The bivalents undergo duplication during pachytene. Each chromosome now consists of two chromatids (but the Centromere will not divide); thus there will be four chromatids (tetrad).

(c) Crossing over:

This takes place at the tetrad or the four strand stage. At the time of cross over the two opposing non sister chromatids (chromatids belonging to two different chromosomes), have a break at identical points.

This is brought about due to the action of the enzyme endonuclease. The two chromatids exchange an identical length of the genome. After exchange the segments fuse with the chromatids due to the action of the enzyme called ligase (Stem and Hotta, 1969).

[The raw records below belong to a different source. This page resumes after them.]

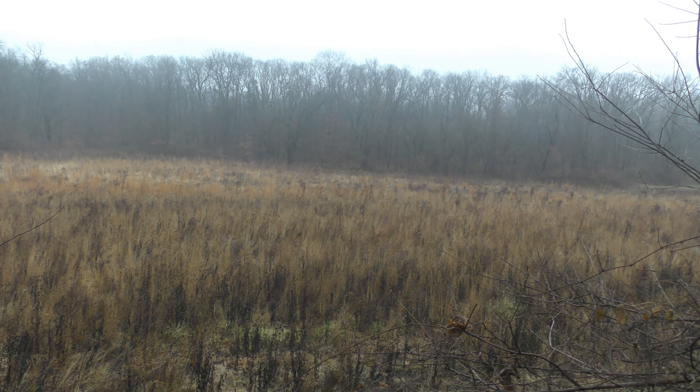Hi guys, we're back in the woods here today. It's been about two weeks or so since I shot my buck. I took shotgun season off and I haven't done it all this past week, but today we're back in the woods. There's a big old cold front coming through.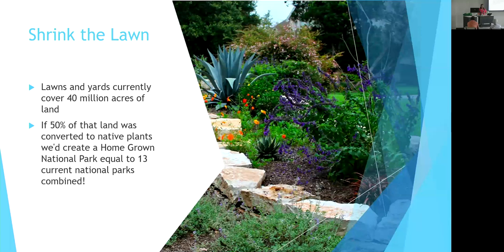Lawns and yards currently cover 40 million acres of land in the U.S. If we converted half of that — you get to keep half your yard — to native plants, we would create what Doug Tallamy calls a Homegrown National Park equal in size to 13 national parks combined. That includes Yosemite, Yellowstone, the Grand Canyon, the Adirondacks, Glacier National Park, and Denali combined. We have more than that in just half of our yards. So rather than making another national park, we can all do our little piece and make a huge impact.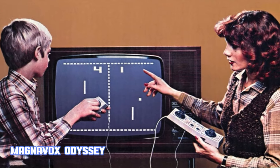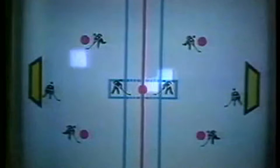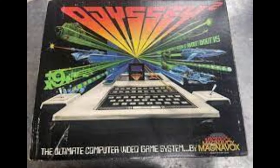This is Odyssey, the new electronic game simulator — you attach Odyssey to your television set. The Magnavox Odyssey holds the title of the world's first commercial home video game console, marking the beginning of the video game industry. Developed by Ralph H. Baer, often called the father of video games, the Odyssey was a groundbreaking device that paved the way for future gaming systems.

There is some synthesis of DNA during this stage, as it is necessary to repair the broken points of the chromosome. The crossing over is physically demonstrable in the form of chiasma.

(d) Terminalization:

After the exchange of segments, the two chromosomes start moving away from each other as the synaptic force lapses. The separation begins from the centromere and moves towards the ends of the chromosomes.

It is this uncoupling of chiasma that is called terminalization. During diakinesis the homologous chromosomes get separated except at their ends.